# Can you live in your city without the automobile?



## isaidso (Mar 21, 2007)

I sold my car years ago. I walk or bike everywhere. Once every 2 weeks I take the subway somewhere. I do miss having a car and driving though. Being able to drive to the next city over is something I used to enjoy doing on my day off.

In Toronto you don't need a car if you live downtown. There are pockets outside of downtown where you don't but it's a little more problematic.


----------



## Black Box (Jul 11, 2006)

Yes, I do. I ditched my car almost two years ago. There are outlying areas in the city proper where it is more challenging, but if you live downtown/adjacent and in the city's urban villages, you can live car free quite easily. Transit lines in Seattle are expanding, with an important extension set to open in early 2016 to a very dense neighborhood and the southeastern part of the University of Washington campus. A new streetcar is opening as well, but the company who built them is late in delivering them.
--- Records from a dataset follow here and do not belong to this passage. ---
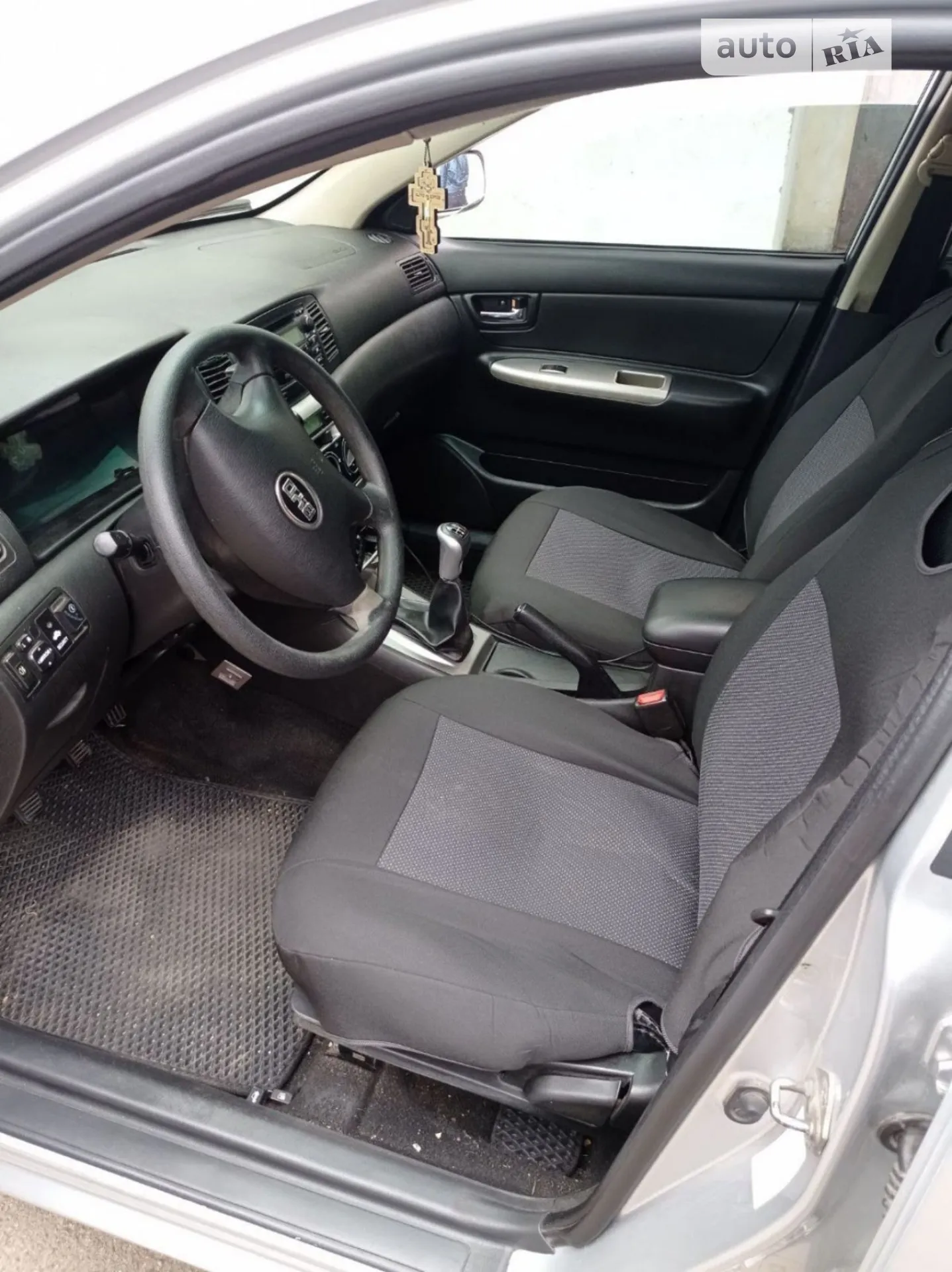 2014 BYD F3 - мініатюра 4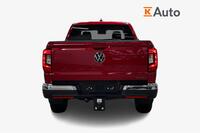 heti ajoon Volkswagen Amarok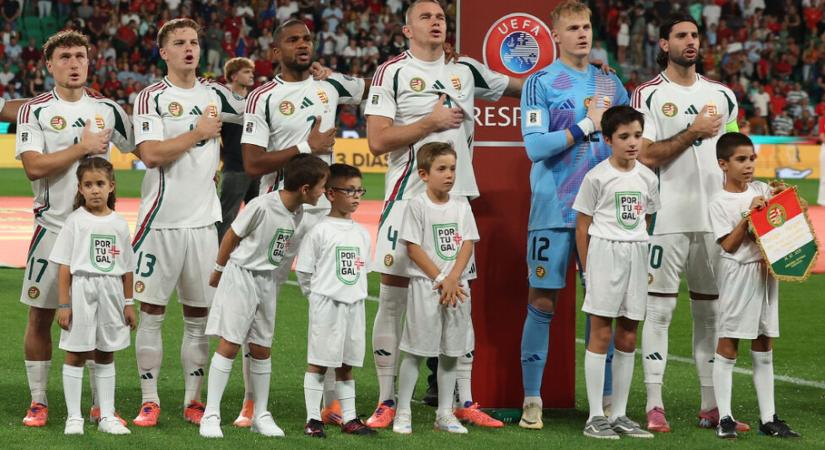 Megszólalt a menedzser, remek hírek érkeztek a magyar labdarúgó-válogatott ászáról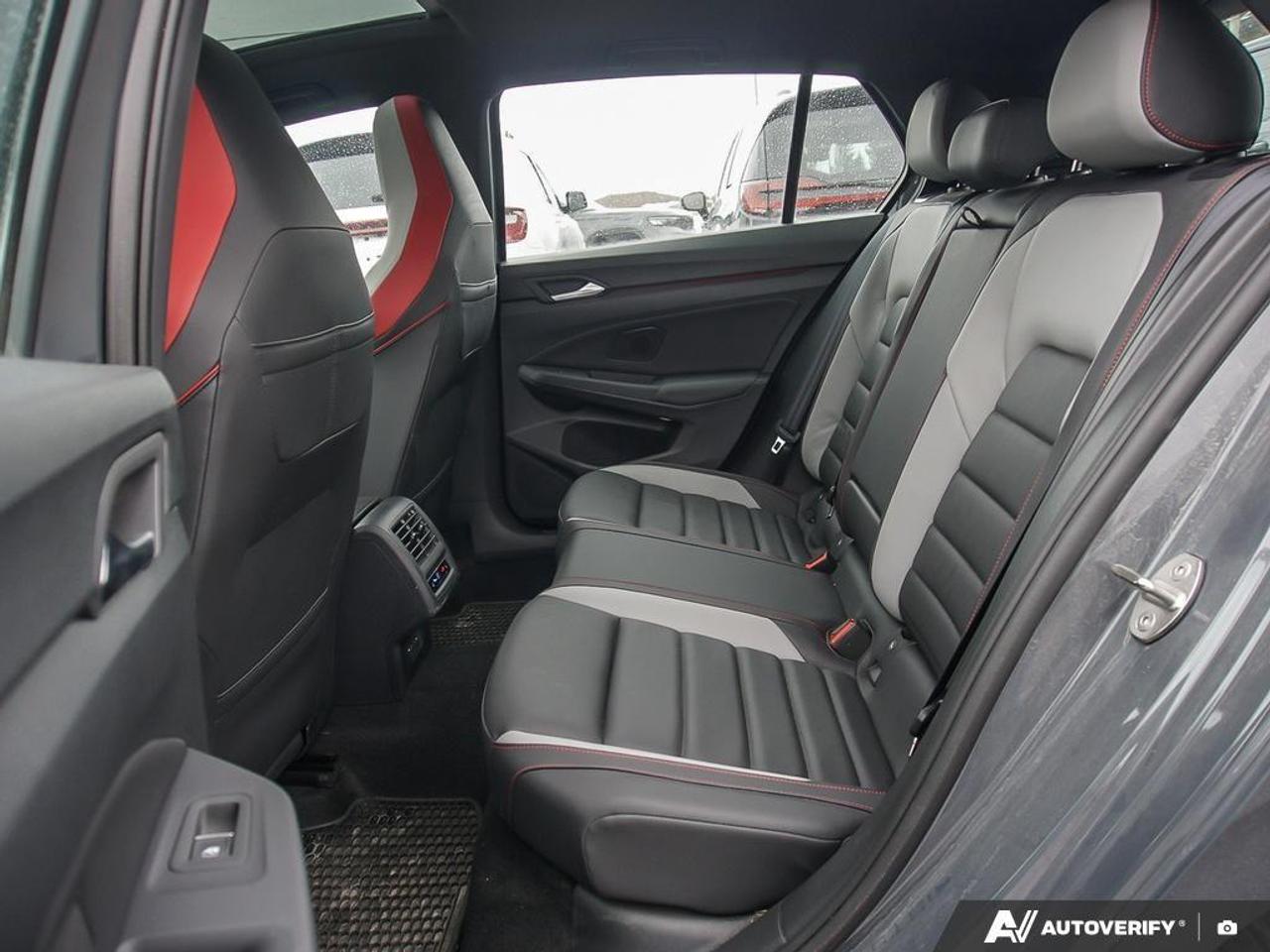 2024 Volkswagen Golf GTI 380 Performance 4dr Hatchback Photo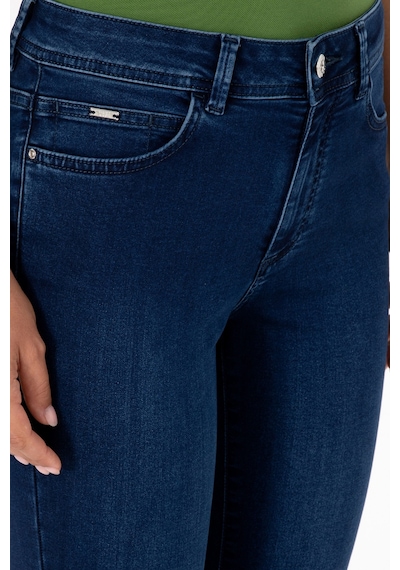 U.S. Polo Assn. Kadın Koyu Mavi Toohpick Fit Jean Pantolon 50307785-DN0023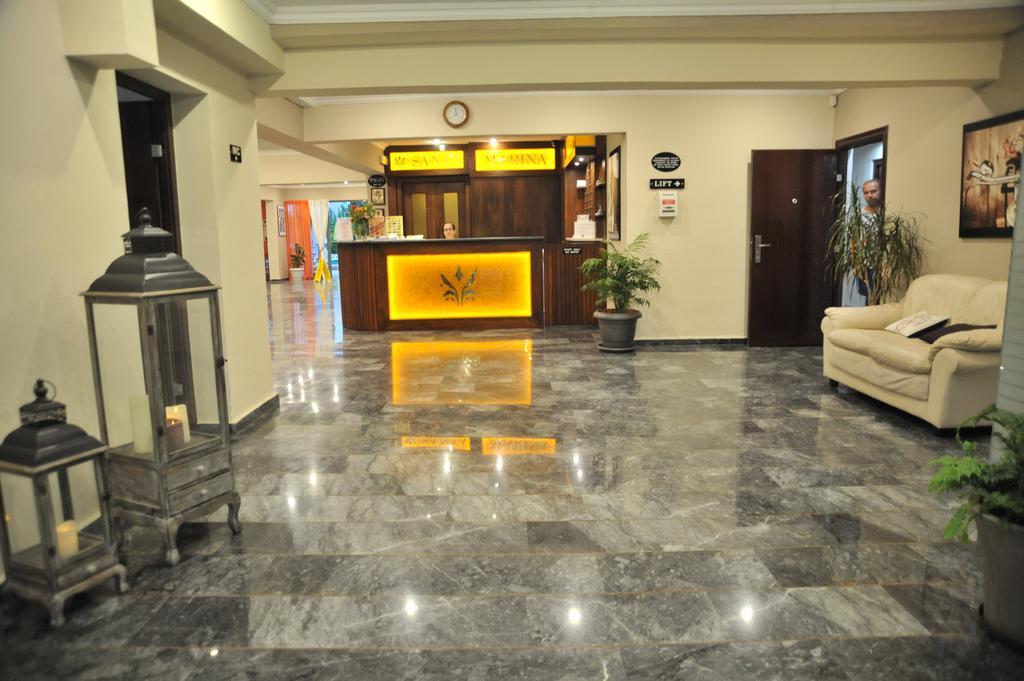 Santa Marina Hotel Apartments Кос Экстерьер фото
Things are looking up in Seattle for more transit options amidst the impressive growth and economic boom we're experiencing.


----------



## Chota_Shakeel (May 22, 2015)

hardly use my car,use metro rail and these(very cheap)


----------



## capricorn2000 (Nov 30, 2006)

In Vancouver, definitely yes. I don't own a car since 2007. I live close to downtown and I commute via a monthly bus pass
which is cheaper than car insurance. the city has an efficient public transpo - lots of bus lines, 3 skytrain lines and a seabus.


----------



## Xusein (Sep 27, 2005)

If you live and work in downtown and/or the central neighborhoods, yes, but otherwise no. But I would think this kind of example would apply in most cities.


----------



## Slartibartfas (Aug 15, 2006)

^^ Maybe in the US. Not necessarily in Europe for example. There the whole metropolitan area is often sufficiently well connected by public transportation.


----------



## 020 (Sep 15, 2011)

You don't need a car in the greater Amsterdam area, you can get anywhere by bike or PT. It is useful though if you want to get out of the city to the quiet parts of the country.


----------